Work order: Give back, unaltered, the lines from the one with "this 640×480 image." to the end of the material, omitting pictures.
──────
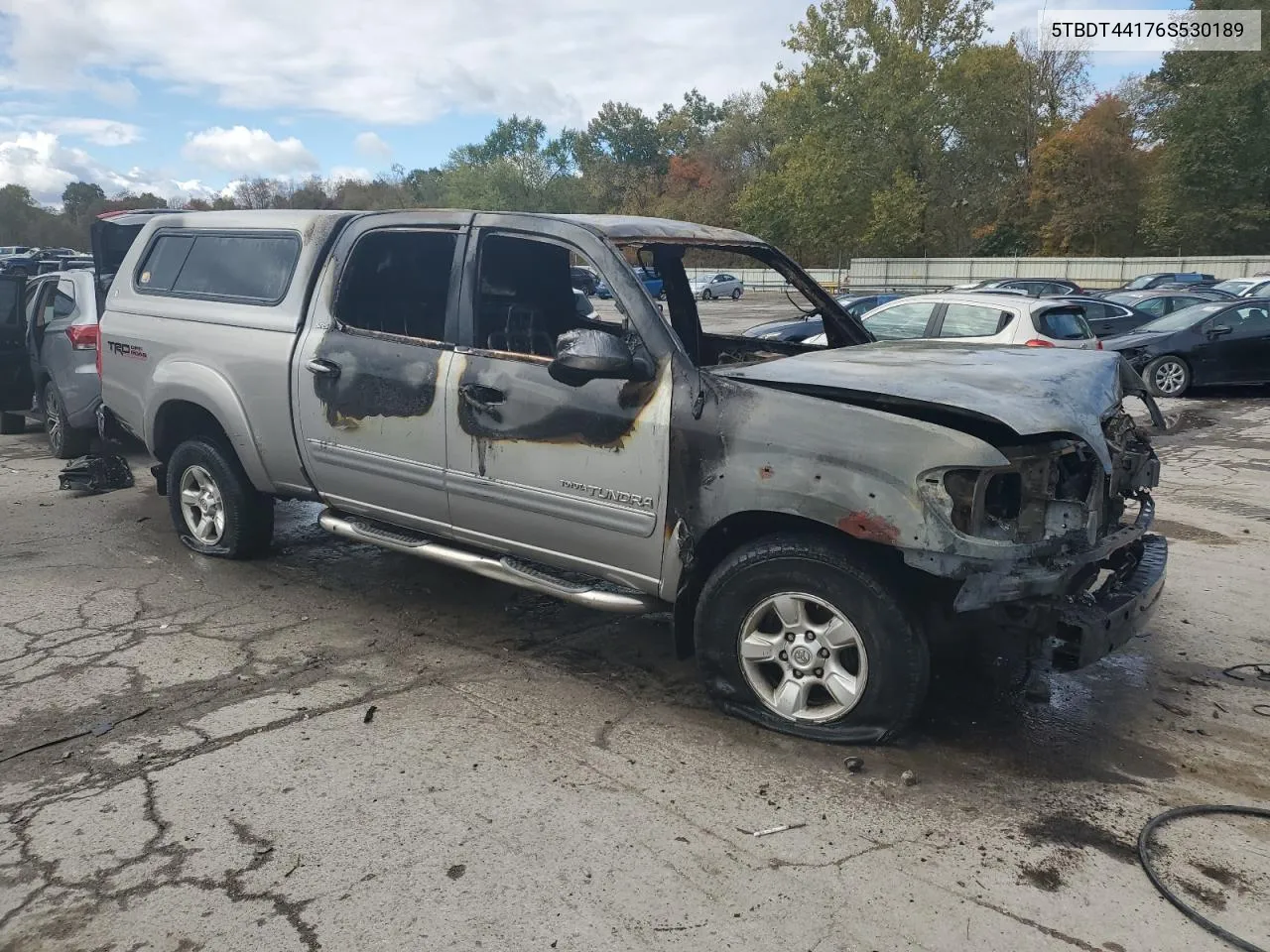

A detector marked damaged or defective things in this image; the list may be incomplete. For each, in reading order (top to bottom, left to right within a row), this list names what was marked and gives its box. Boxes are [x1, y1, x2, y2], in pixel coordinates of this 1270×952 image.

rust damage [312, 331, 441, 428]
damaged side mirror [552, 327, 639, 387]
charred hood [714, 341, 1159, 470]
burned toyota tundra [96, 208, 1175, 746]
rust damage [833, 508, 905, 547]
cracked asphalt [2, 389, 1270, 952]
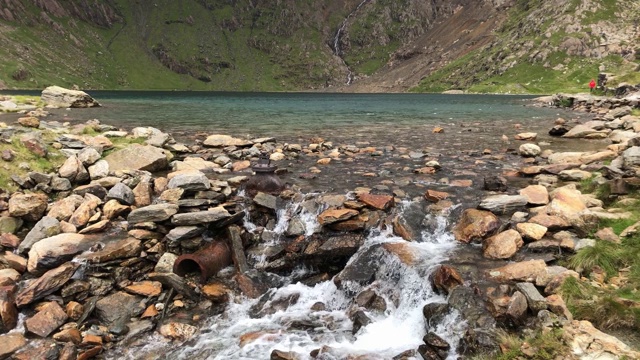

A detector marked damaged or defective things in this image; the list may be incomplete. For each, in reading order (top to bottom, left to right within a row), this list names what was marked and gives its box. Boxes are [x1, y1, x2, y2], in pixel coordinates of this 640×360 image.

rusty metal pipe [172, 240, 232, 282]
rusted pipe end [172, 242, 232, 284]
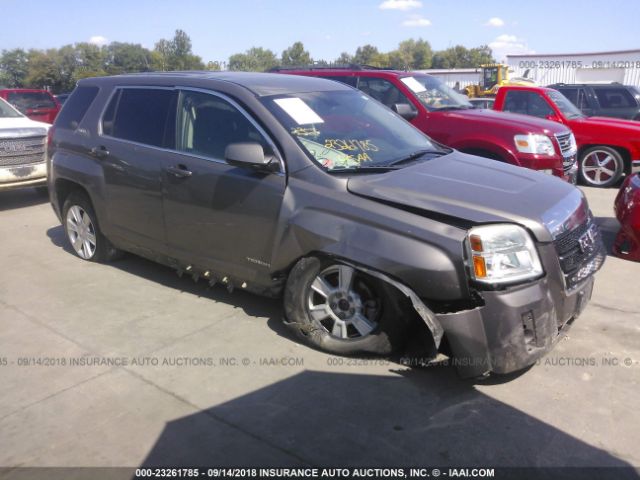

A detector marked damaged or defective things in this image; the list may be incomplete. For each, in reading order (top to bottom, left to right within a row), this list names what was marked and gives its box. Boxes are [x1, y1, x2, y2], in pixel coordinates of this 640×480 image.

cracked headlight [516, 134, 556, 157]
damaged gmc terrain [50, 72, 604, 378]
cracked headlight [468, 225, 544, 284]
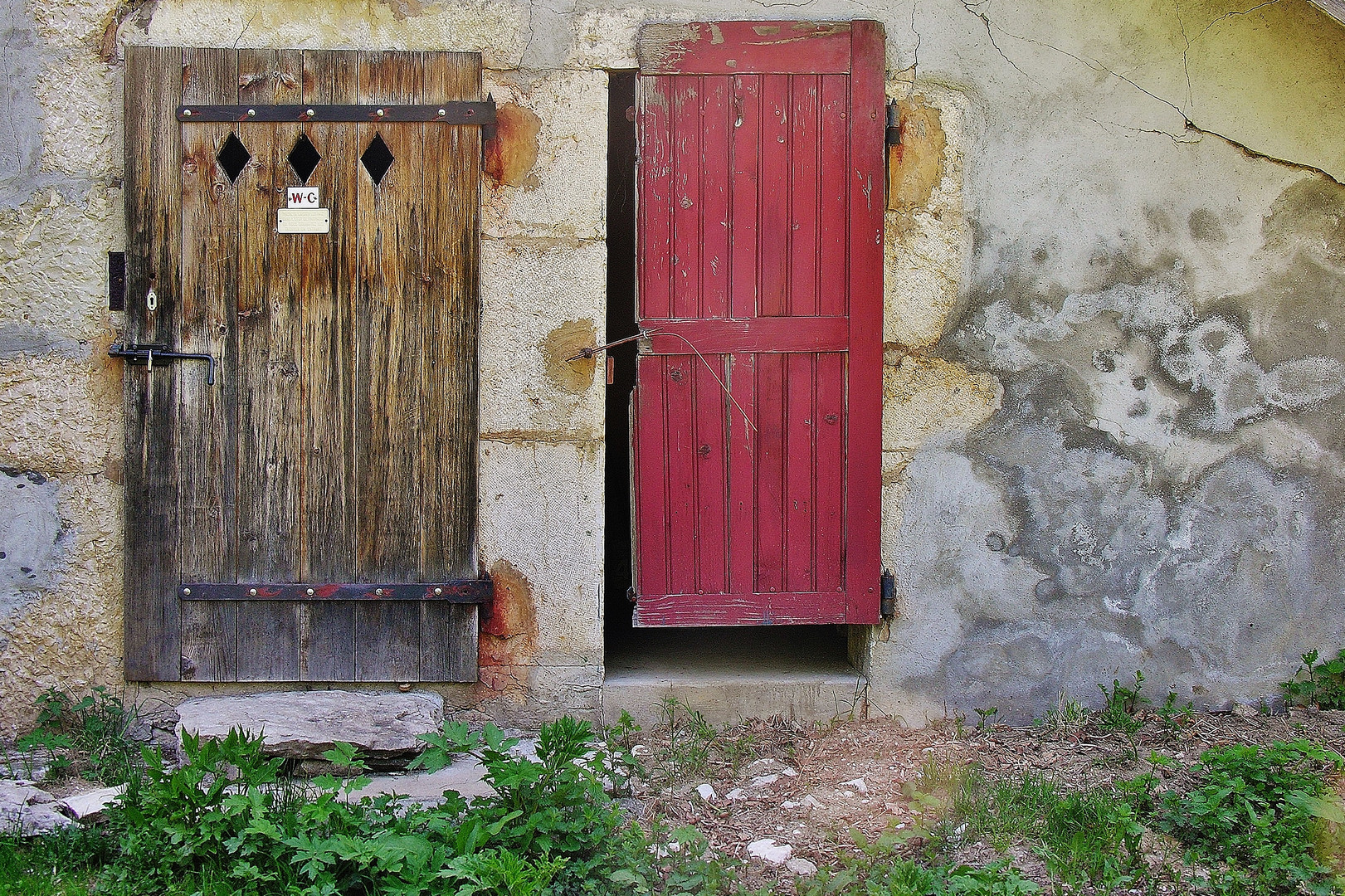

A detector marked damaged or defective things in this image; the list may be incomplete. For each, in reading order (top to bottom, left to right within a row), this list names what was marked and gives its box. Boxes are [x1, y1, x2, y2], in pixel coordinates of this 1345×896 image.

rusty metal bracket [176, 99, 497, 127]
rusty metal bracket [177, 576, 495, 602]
──────
Output for this exercise:
A detector marked damaged or defective things in this image; the list may be incomplete. For each, in reading order (top to bottom, left to right within a row), this list names what was marked and gives its box. Boxes are [x1, y1, x2, y2], in pixel coordinates of this 640×480 image.

cracked headlight [516, 134, 556, 157]
damaged gmc terrain [50, 72, 604, 378]
cracked headlight [468, 225, 544, 284]

A detector marked damaged or defective things in this image; the list may be incomplete. For each, in reading order (top to bottom, left to right within a row), this list names what was marked and gives its box. Boxes are [x1, y1, x2, y2], in pixel coordinates of this 1345×896 image.

rusty metal bracket [176, 99, 497, 127]
rusty metal bracket [177, 576, 495, 602]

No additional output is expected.